Exploring many different books is fine, but I think what really pays of is
sticking with the books that are particularly meaningful to you and exploring
them over and over again, taking notes, finding people to discuss them with,
mulling them over, and so on.

I also do read quite a lot but on occassion I will always go back to the 5-7
books that are special to me, as a result I know a lot of them by heart even
if I haven't picked them up in years.

------
randomsearch
Massively disagree that reading a book and reddit are comparable. I guess if
you only read trash novels you can close the gap, but there is great value to
reading a quality book or a periodical like the Economist.

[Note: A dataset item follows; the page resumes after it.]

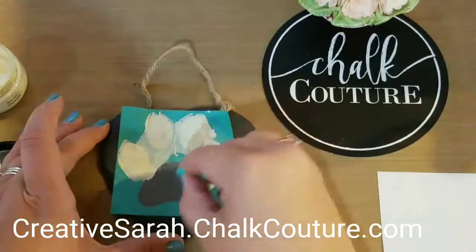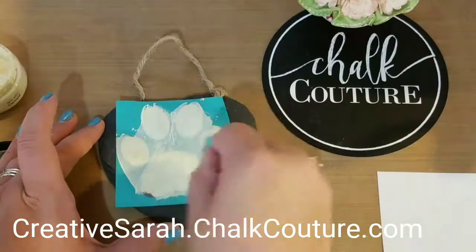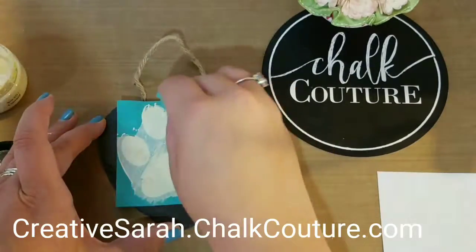Super easy to go on, careful to get it all covered, and when it's all done it's going to be beautiful. Come visit me at creativesarah.com.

Something I’ve been thinking about recently is how very educated people who
would never read a tabloid paper or watch a stupid reality TV show will
happily retweet lowest common denominator memes or outrage twitter. Because
it’s so new, and because everything is intermingled, those people sleepwalk
into consuming trash culture. It’s like a well trained athlete has been
tricked into living off fast food.

------
TaylorAlexander
I love it! I am a super creative person and I spend a lot of time doing what
the article suggests. I quit facebook and all other social media two years
ago, though I still spend a lot of time scrolling through reddit. At any rate
I also write, maintain a few websites, design and build 3D printed robots, and
make youtube videos. The author really nails it that you can be creating every
day. Today I installed a GPU in my desktop and set up tensorflow to train an
image segmentation algorithm I got from github. A couple months ago I ordered
a 64x64 LED panel on aliexpress for $26 (search for "hub75") and the
appropriate adafruit raspberry pi shield, then took all that stuff on vacation
so when I was in a cabin in vermont I could configure the raspberry pi with
the appropriate libraries to drive the thing. That was super fun! Earlier this
year I took time off between jobs and built a massive four post bed out of
redwood. The corner posts are 6" square and 7 feet tall and its all sanded and
oiled and it looks phenomenal.

The author discovered something really valuable - even when you've got nothing
but your phone you can create. And personally I find creating things way more
rewarding. If you've ever thought about logging off of Netflix and social
media, I definitely recommend it!

And humbly, if you want to see what I've been working on, see here:

[http://tlalexander.com/missing/](http://tlalexander.com/missing/)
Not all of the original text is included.